In the initial part of my thesis research, I developed complete systems to recognize 3D polyhedral models in both range images and intensity images. I introduced the use of non-parametric statistical distributions to represent the constraints on feature appearance for selecting matches. These distributions can represent a wide range of phenomena and provide strong cues about the utility of each feature for recognition. Random sampling of synthetic views of the object was used to generate the distributions. By processing the synthetic images as we would a real input image, the constraints were an improvement over the results of previous analytic techniques. The statistical constraints led to a natural formulation of the match selection problem as maximum a posteriori estimation resulting in a dramatic pruning of the search space.

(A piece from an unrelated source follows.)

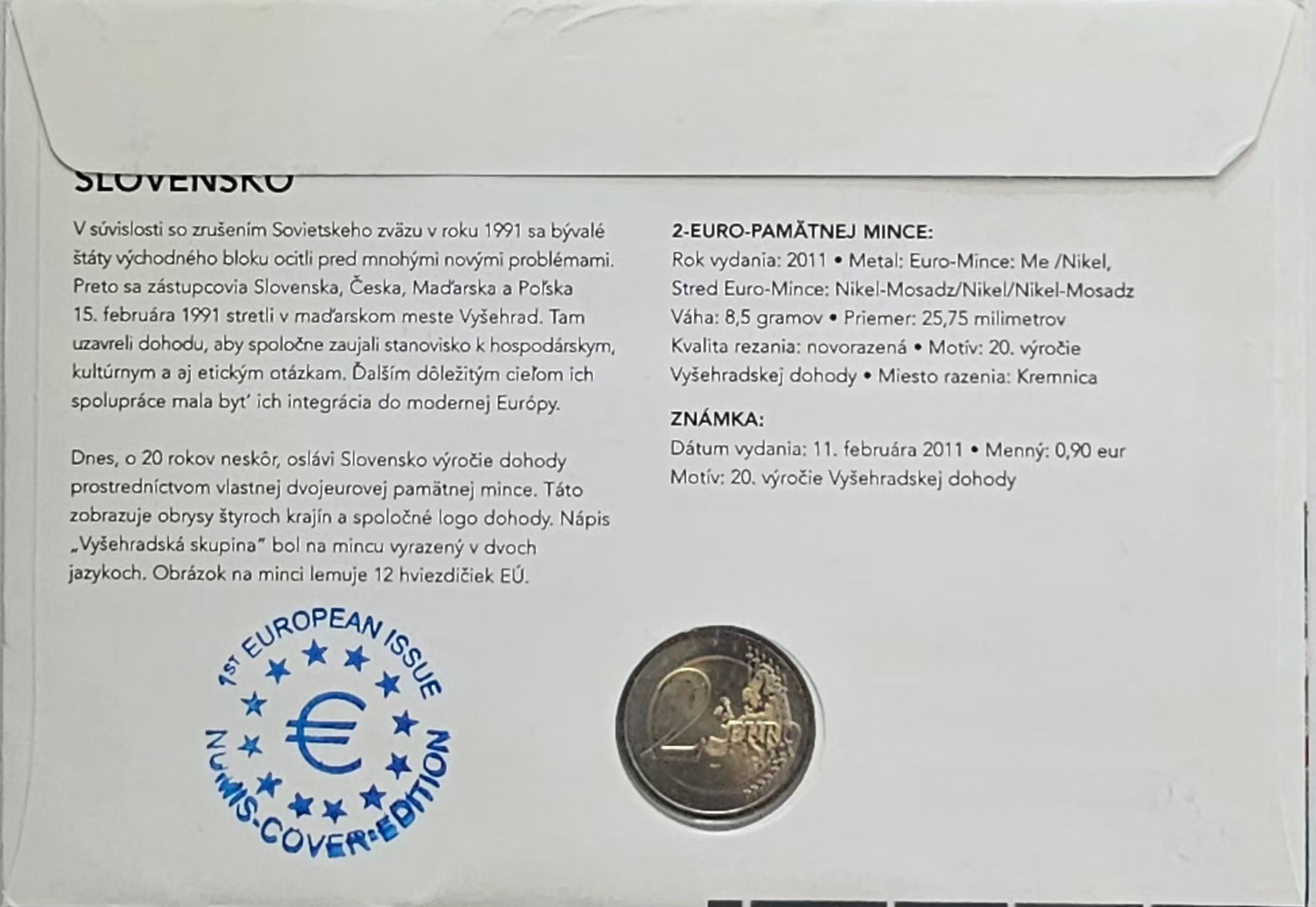 2011 Slovakia 2€ Commemorative Coin – Visegrad Group – UNC – Rare EU Collectible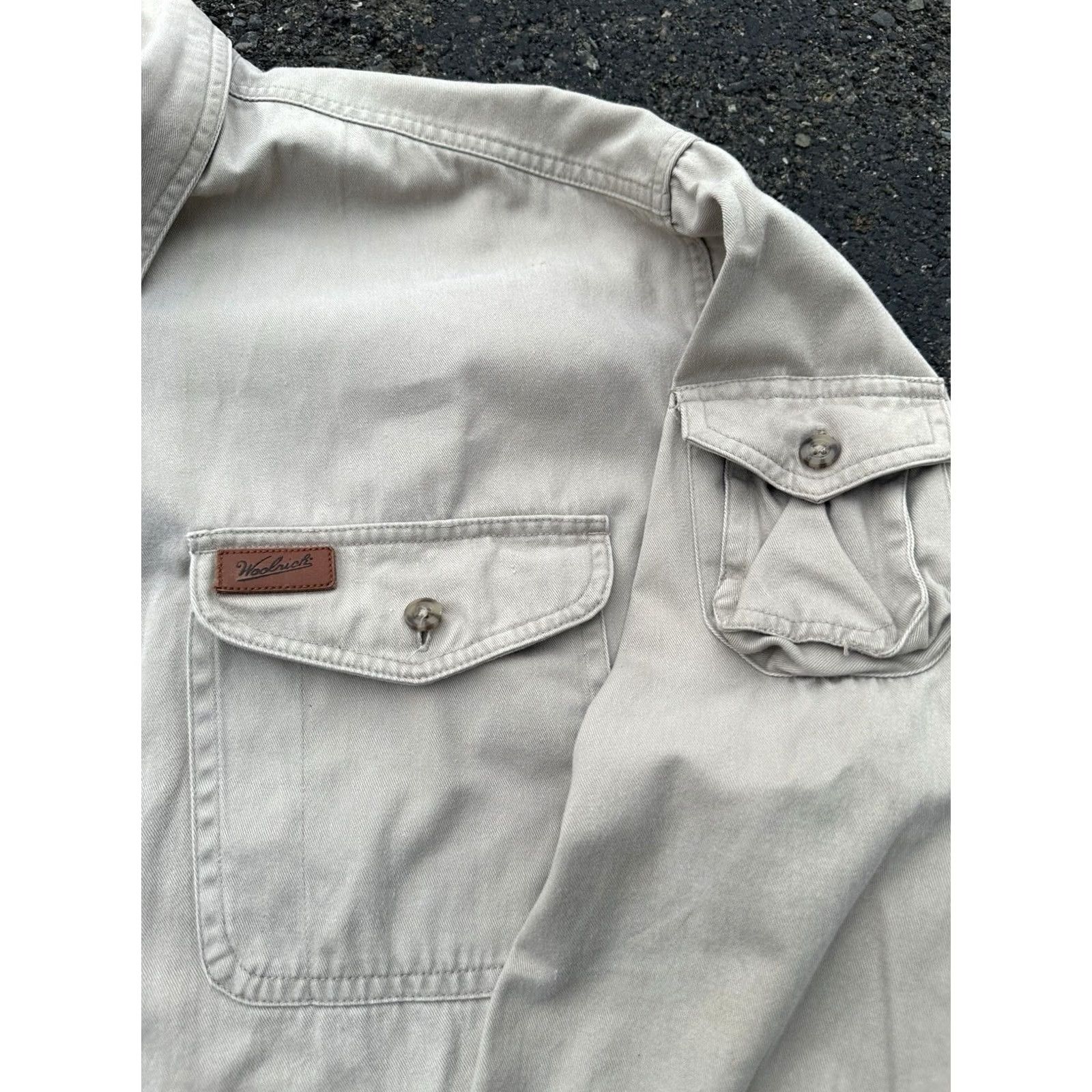 Vintage VINTAGE Woolrich Button-Up Shirt Jacket XL Beige Cotton Hunting 90s Mens Long Sleeve Size US XL / EU 56 / 4 - 2 Thumbnail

After much work, it was apparent that reliable verification could only be possible with accurate position estimation. Because of the limited accuracy of position estimates provided by alignment, further refinement of the position via a local search (known as localization) was required. I then developed a localization algorithm using techniques from robust statistics. In experiments, this algorithm demonstrated significantly better convergence than previous techniques. The localization and verification algorithms operate on the range data points and edge points and thus do not depend on any high level features. The restriction to polyhedral models is thus isolated in the matching procedure; however, a variety of more general features (such as distinguished points) are available to augment line segments and planar surfaces for purposes of matching, and, thus, we can remove the polyhedral restriction. In fact, the current work handles occluding contours and arbitrary curved surfaces.
A common criticism of feature based recognition is that data-driven feature extraction is not reliable enough for robust recognition; however, my results show that even imperfect feature extraction can be effectively used for recognition. The real problem is the use of unrealistic assumptions about feature extraction performance. In my system, features are only used as cues to generate initial hypotheses which are then fed to the data-driven localization scheme. My only assumption is that the feature's appearance follows a distribution similar to its appearance distribution over the images used to build the model.